I’ve definitely found some major efficiency and success with this process, but I won’t pretend it isn’t without its own challenges, mainly from Outlook’s limitations. Probably the biggest weakness for this approach right now is when managing your inbox on mobile. Search folders don’t work on the mobile clients, so depending on how many messages you have that exist in the deferral stage, you could have a reasonably big inbox full of your triage and deferred emails (since you’re basically just using search folders to look at the same inbox folder in different ways). Ultimately I’d love to have a Mailbox-like mobile interface for my Outlook.
The balance between your time spent in the triage folder and the today folder is also tough to master. Sometimes I find myself hanging out in the triage folder too long when I have action items to complete in the Today folder. Habits take time to build, but ultimately I feel I’m better off than I was without a system like this. I’ve also found it helps to change the default folder that’s opened in your Outlook to the “Today” folder.
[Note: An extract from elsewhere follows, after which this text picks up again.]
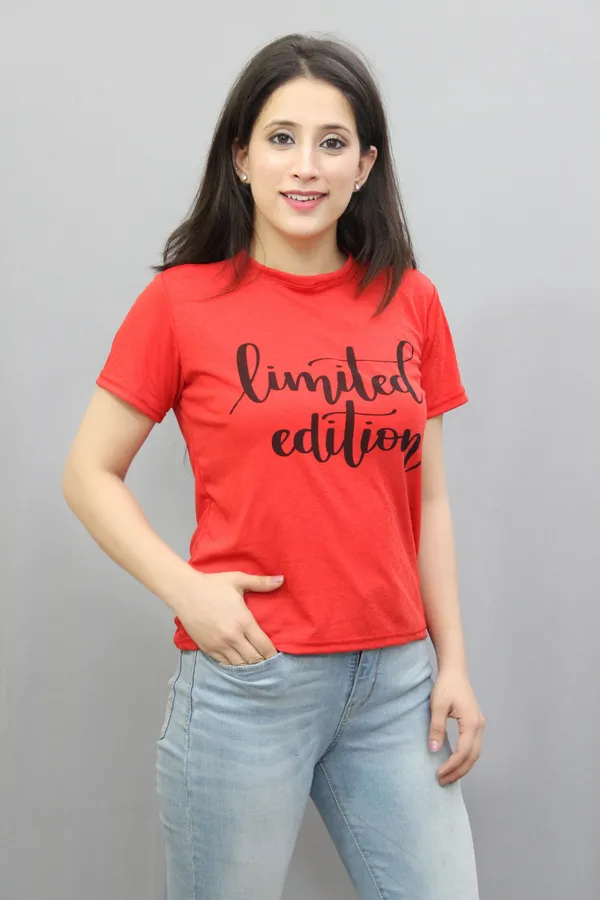 Red_Cotton_Blend_Printed_Short_Sleeve_Round_Neck_Regular_Fit_T-Shirt_For_Women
To avoid obsessing over email the instant it arrives, I also disable the pop up notifications and sounds that are set by default in Outlook. This step alone has had a huge impact on keeping me from obsessing over email all day. I’ve found that I’ve taken a similar approach to push notifications from apps on my phone. By disabling these in most cases, I’ve found it has greatly helped cut back on distraction.
So that’s it so far. I’d say I’m far from a perfect solution, but I’m glad to have at least started on the path to something better. I’m curious to hear how others are managing their mailboxes efficiently, so please share your methods in the comments.